Backers of the Oregon Cannabis Tax Act said they have collected 165,000 signatures on petitions seeking to put the measure on the ballot, nearly double the 87,000 they were required to submit by Friday’s deadline to qualify.
“We believe we’re going to make it easily,” said Paul Stanford, the chief petitioner and founder of the Hemp and Cannabis Foundation, which runs medical marijuana clinics in several states.
The state has 30 days to verify if enough signatures are valid to qualify any measure for the ballot, Oregon elections director Steve Trout said.
If passed by voters in November, the act would allow marijuana sales in the state to people over the age of 21 and would create jobs in the hemp industry by allowing its use for clothing, food and other things, the campaign’s Web site said.

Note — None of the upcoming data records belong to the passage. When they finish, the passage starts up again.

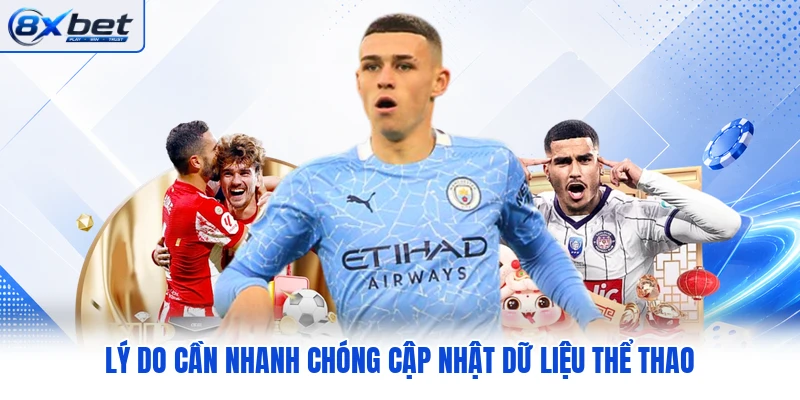 Lý do cần nhanh chóng cập nhật dữ liệu thể thao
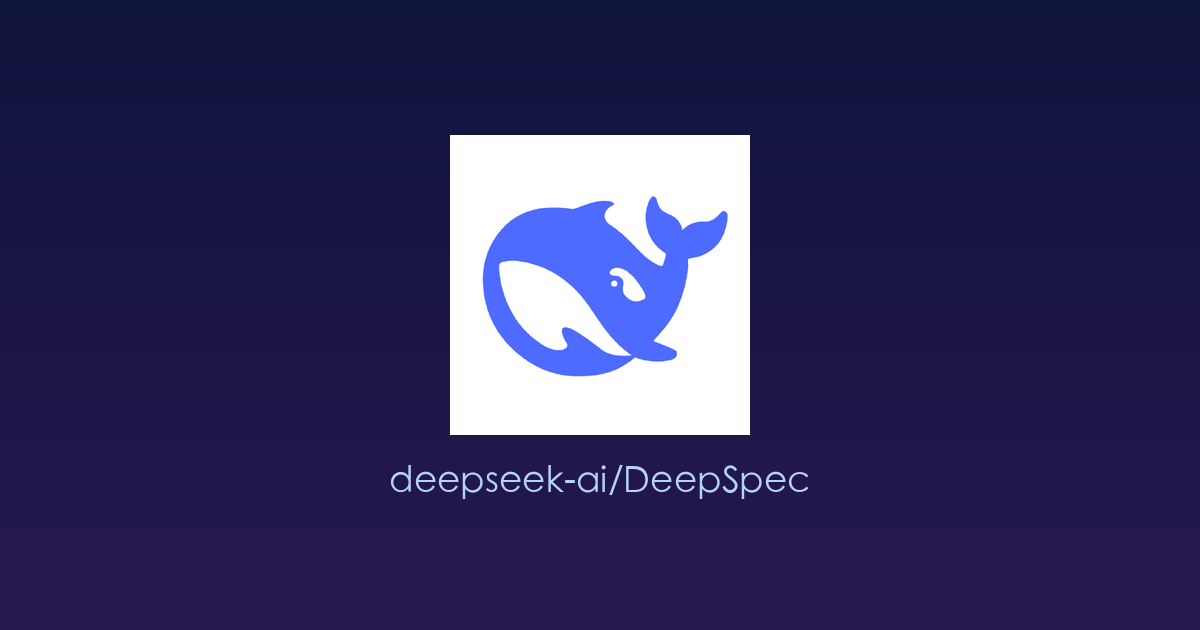 DeepSpec：专为“推测解码”量身打造的开源训练与评测工具箱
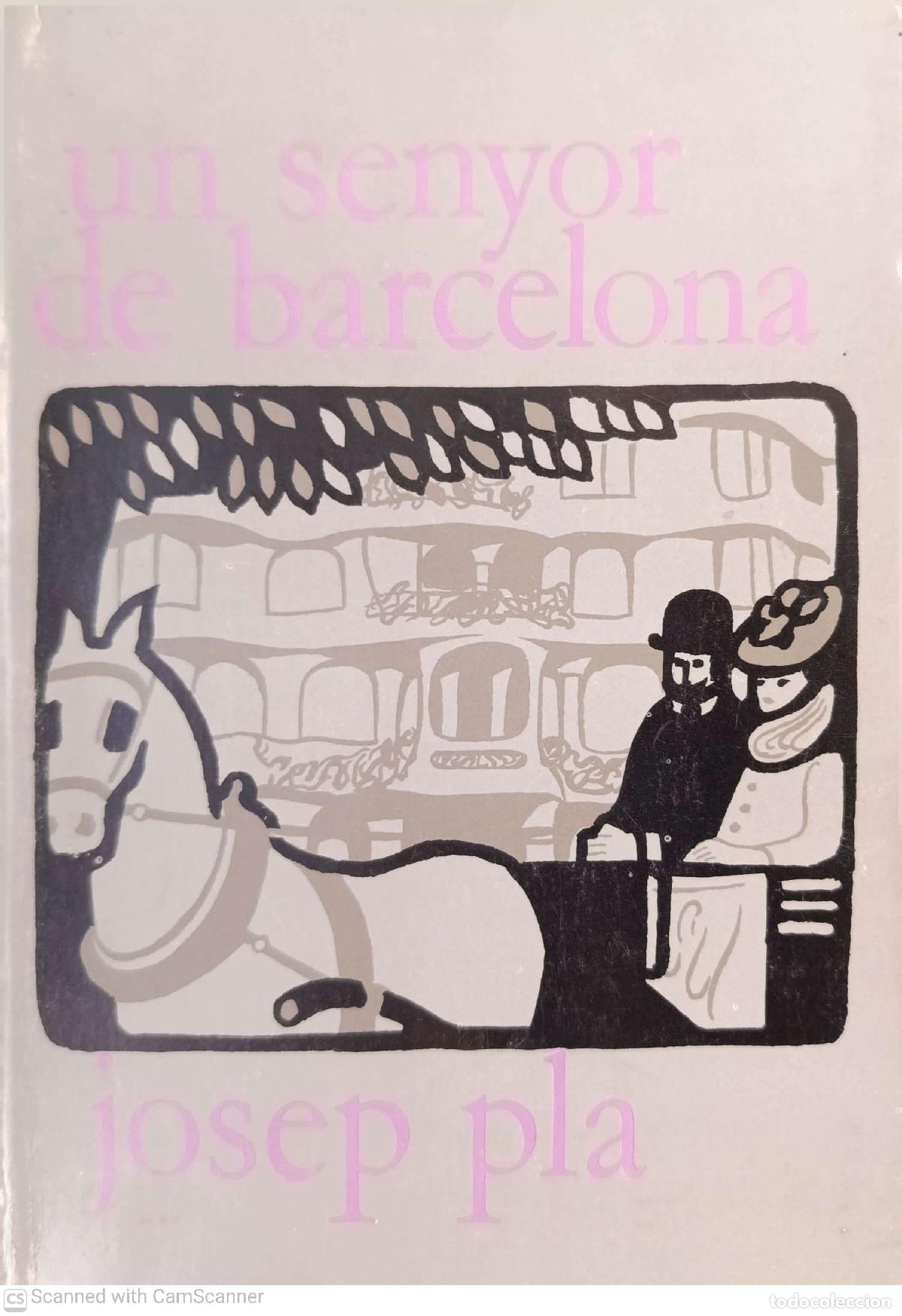 Libros: Un senyor de Barcelona - Josep Pla - Foto 1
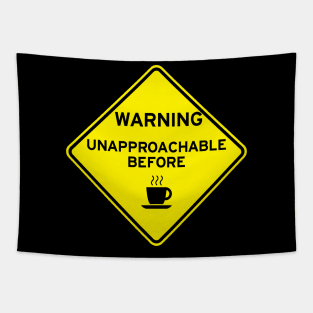 Warning Unapproachable Before Coffee Tapestry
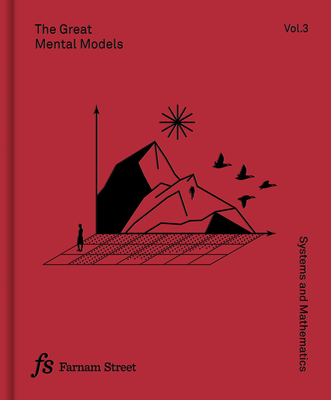The Great Mental Models Volume 3: Systems and Mathematics - Rhiannon Beaubien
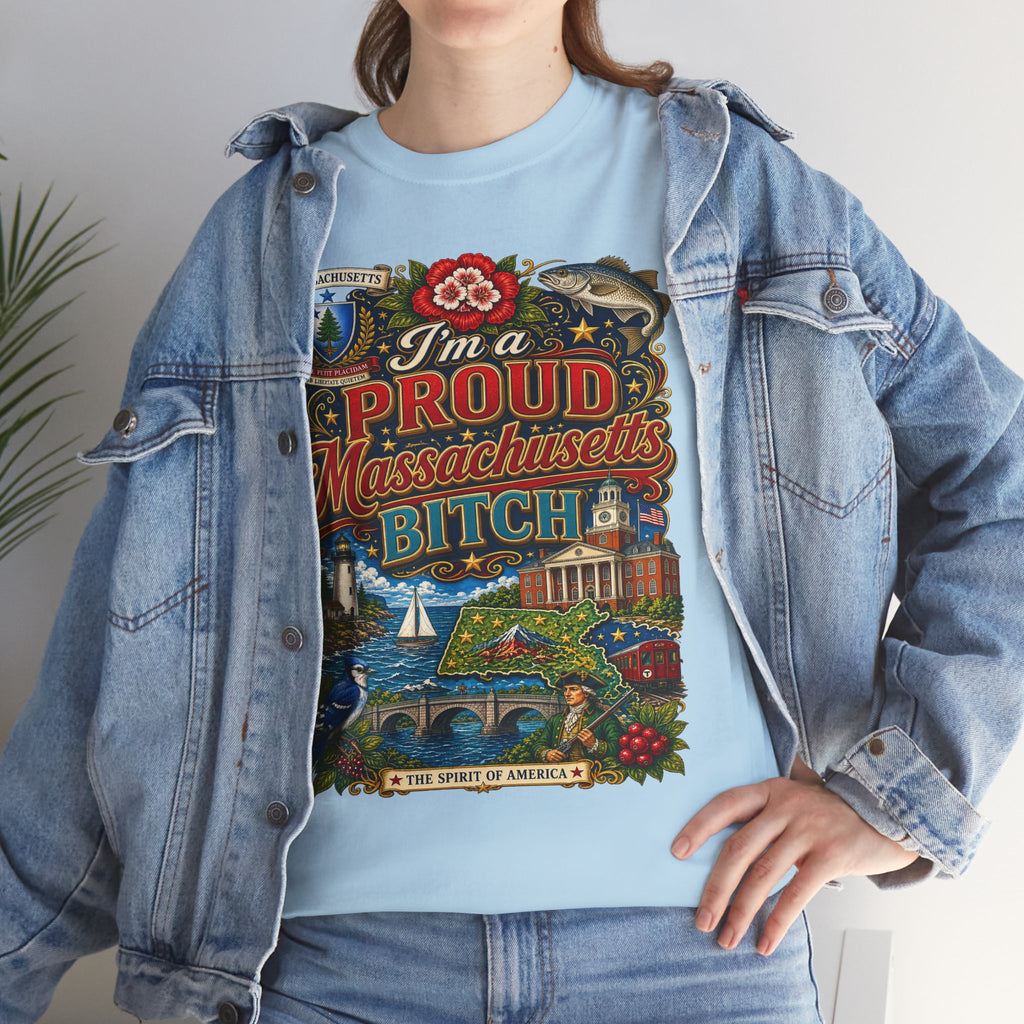Massachusetts "I'm a Proud Massachusetts Bitch" T-Shirt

Similar ballot measures to legalize marijuana for recreational use have already qualified in Washington state and Colorado. No state has legalized pot for recreational use, but 17 states and the District of Columbia allow medical cannabis even though marijuana remains an illegal narcotic under federal law.
The Oregon move comes as federal authorities have cracked down on medical marijuana in several western states, seeking to shut down dispensaries and greenhouses they deem to be drug-trafficking fronts, as well as those located near schools and parks. US President Barack Obama’s administration has said it would not single out individual patients who possess or grow their own marijuana in states that allow it. However, federal prosecutors have warned they will continue to go after operations that support for-profit, illegal drug dealing under the guise of medical pot.
If passed, the Oregon initiative would create a Cannabis Commission that could limit the amount of marijuana a person could purchase and would oversee cultivation and retail sales at special stores. Net proceeds from sales would go to the state’s general fund.
Under the proposal, marijuana possession would be decriminalized although public pot consumption would be prohibited and subject to a fine of US$250.
Proponents of legalizing marijuana say prohibition of the drug simply enriches criminal cartels and that legalization will allow law enforcement to focus on serious crimes.
Sheriff John Trumbo of Oregon’s rural Umatilla County, is staunchly opposed to recreational legalization and said allowing the drug would open a floodgate of problems — from the expense of providing new training to police for dealing with people driving under the influence of the drug.
“Legalizing marijuana will be the downfall of society as we know it,” he said. “I’ve been packing a badge for 40 years and I have seen what marijuana has done to families and individuals. It is a gateway drug.”
Tom Parker, spokesman for the substance abuse group Lines for Life, said he also was concerned about greater availability of marijuana to young people.
“Teen brains are still developing,” he said. “Greater availability of marijuana is not a good thing for youth.”